## Task brief
Go through the following data and transcribe exactly the stretch of lines from the one holding "Anti-Histone H2B (Acetyl-Lys<sup>15</sup>)" to the one holding "箍牙齿期间需要注意什么", both included.

## Data extract
* * *

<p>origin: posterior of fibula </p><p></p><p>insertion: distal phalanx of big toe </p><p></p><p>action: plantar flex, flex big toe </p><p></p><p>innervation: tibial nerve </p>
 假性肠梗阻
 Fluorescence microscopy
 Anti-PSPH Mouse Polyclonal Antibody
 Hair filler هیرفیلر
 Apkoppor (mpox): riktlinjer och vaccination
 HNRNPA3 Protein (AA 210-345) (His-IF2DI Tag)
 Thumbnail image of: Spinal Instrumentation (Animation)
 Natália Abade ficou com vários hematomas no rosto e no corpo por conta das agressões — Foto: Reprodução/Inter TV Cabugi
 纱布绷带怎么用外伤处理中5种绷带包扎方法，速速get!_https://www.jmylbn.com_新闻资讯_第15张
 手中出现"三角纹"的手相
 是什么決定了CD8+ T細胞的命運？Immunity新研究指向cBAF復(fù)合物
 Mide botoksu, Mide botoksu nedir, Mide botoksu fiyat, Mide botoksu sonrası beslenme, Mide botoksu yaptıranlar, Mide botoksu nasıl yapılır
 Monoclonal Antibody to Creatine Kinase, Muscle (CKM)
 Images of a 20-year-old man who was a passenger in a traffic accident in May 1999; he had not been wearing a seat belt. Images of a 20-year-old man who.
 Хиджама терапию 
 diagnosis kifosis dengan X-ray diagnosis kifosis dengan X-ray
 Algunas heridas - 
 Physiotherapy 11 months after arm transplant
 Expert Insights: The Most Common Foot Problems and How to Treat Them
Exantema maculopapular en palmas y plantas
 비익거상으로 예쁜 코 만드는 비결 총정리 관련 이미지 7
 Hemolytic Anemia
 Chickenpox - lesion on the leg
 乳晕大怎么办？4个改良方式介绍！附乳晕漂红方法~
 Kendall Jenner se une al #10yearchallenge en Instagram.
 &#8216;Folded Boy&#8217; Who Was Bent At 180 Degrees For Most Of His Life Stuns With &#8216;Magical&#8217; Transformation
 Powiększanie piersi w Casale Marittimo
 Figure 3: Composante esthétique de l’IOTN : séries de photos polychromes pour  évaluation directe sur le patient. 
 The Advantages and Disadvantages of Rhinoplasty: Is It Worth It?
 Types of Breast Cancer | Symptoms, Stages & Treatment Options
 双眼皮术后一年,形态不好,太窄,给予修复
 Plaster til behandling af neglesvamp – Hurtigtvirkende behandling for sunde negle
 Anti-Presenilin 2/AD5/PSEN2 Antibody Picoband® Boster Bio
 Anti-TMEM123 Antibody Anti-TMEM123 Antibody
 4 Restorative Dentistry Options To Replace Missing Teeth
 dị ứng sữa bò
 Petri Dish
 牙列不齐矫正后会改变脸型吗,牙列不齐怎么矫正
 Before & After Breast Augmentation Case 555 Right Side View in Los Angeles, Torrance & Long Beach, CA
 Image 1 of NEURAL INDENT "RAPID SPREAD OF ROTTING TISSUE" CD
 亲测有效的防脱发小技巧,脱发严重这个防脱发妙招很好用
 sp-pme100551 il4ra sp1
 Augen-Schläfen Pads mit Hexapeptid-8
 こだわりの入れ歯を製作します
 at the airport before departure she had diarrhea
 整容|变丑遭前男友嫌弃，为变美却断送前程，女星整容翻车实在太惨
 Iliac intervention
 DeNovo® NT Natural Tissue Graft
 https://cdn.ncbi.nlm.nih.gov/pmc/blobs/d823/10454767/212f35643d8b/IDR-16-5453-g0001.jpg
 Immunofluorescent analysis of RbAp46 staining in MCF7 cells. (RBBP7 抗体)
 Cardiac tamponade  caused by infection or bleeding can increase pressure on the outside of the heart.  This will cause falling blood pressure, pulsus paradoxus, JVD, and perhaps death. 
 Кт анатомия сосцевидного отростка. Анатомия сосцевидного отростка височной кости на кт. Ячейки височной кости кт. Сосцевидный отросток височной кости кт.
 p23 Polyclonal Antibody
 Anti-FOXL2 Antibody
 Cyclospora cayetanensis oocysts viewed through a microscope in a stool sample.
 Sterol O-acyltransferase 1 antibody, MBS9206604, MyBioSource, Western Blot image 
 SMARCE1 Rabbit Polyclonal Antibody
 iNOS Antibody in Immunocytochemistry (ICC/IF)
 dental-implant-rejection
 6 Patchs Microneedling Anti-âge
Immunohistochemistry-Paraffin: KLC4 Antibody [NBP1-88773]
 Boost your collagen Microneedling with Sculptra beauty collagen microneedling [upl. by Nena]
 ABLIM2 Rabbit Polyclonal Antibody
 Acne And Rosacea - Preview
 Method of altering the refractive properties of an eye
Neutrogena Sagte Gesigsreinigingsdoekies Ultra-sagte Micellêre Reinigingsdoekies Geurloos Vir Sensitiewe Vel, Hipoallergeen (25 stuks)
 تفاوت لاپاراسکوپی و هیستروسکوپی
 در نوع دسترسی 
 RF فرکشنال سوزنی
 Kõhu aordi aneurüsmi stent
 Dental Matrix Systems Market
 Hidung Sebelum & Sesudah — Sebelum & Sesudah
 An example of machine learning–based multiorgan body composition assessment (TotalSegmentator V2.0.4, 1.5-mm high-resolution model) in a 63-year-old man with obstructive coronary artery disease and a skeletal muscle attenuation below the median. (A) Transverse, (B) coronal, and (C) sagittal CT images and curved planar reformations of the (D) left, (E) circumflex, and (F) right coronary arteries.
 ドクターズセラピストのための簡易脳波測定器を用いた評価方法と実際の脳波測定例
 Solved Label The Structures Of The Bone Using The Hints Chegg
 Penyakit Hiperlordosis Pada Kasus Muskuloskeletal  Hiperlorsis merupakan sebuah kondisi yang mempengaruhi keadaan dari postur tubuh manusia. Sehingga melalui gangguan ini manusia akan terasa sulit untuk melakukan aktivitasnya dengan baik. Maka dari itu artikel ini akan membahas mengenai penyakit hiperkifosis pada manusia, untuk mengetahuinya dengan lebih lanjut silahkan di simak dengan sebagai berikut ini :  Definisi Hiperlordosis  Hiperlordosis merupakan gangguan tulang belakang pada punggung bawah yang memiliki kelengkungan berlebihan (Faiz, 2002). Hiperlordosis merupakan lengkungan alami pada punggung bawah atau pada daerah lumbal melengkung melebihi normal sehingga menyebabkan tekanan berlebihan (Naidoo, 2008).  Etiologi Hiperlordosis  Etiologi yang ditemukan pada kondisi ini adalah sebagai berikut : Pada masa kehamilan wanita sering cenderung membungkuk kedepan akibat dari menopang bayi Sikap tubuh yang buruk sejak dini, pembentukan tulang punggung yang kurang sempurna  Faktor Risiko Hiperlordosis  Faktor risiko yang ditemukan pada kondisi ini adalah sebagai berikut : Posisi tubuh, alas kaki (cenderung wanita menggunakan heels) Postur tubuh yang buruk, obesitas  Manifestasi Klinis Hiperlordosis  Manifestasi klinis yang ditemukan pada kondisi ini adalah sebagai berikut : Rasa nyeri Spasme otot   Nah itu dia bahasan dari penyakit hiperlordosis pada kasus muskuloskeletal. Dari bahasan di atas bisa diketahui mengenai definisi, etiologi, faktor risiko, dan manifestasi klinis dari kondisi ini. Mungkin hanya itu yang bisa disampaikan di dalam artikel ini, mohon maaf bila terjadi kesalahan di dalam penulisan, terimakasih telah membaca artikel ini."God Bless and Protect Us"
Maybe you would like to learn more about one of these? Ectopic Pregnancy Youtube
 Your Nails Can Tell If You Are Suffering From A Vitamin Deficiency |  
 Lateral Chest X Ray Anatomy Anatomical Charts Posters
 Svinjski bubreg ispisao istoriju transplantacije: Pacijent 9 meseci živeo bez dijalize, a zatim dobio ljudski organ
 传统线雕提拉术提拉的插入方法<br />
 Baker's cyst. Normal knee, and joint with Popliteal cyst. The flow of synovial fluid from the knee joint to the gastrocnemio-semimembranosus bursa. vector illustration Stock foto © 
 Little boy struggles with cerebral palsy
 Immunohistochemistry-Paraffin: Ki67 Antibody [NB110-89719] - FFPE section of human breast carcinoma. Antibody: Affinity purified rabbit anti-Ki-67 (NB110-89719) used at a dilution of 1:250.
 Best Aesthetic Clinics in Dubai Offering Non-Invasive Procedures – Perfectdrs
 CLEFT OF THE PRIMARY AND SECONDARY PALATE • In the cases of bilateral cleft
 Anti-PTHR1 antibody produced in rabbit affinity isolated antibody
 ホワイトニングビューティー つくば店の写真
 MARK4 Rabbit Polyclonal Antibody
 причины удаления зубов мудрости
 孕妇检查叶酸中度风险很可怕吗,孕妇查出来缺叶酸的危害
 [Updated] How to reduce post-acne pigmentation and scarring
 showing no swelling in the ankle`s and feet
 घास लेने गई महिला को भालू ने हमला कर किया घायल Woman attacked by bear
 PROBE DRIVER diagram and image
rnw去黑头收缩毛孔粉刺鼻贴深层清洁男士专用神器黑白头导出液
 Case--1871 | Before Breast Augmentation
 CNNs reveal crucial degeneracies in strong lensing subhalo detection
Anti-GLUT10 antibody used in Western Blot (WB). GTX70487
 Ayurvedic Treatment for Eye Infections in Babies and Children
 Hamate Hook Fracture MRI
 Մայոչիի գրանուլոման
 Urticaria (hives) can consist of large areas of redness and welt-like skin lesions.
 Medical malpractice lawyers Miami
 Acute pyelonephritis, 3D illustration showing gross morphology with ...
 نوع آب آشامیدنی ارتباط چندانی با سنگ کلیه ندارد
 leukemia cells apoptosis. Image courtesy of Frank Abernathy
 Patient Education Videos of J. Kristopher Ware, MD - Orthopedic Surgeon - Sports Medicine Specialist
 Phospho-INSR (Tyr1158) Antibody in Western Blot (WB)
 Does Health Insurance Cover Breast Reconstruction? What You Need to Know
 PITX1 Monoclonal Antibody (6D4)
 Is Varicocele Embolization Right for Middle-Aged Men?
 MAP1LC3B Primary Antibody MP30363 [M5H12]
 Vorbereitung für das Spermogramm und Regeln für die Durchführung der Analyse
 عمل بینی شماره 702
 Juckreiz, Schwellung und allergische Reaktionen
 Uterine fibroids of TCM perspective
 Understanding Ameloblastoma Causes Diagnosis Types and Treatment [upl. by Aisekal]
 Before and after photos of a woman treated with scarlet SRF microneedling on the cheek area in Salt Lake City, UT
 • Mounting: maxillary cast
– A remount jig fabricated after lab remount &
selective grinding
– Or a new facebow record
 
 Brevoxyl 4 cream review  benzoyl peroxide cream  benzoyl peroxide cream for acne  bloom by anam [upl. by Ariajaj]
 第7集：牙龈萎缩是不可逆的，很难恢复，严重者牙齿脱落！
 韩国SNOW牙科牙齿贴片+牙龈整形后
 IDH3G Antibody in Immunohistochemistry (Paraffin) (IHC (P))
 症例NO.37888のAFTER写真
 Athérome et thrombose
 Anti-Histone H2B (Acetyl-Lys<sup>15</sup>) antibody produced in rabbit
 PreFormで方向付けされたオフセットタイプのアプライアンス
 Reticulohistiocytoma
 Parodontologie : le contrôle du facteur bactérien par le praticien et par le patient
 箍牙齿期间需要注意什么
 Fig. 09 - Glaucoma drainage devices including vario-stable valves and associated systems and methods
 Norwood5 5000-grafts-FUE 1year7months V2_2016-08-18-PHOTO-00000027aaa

* * *

## Response box
 Anti-Histone H2B (Acetyl-Lys<sup>15</sup>) antibody produced in rabbit
 PreFormで方向付けされたオフセットタイプのアプライアンス
 Reticulohistiocytoma
 Parodontologie : le contrôle du facteur bactérien par le praticien et par le patient
 箍牙齿期间需要注意什么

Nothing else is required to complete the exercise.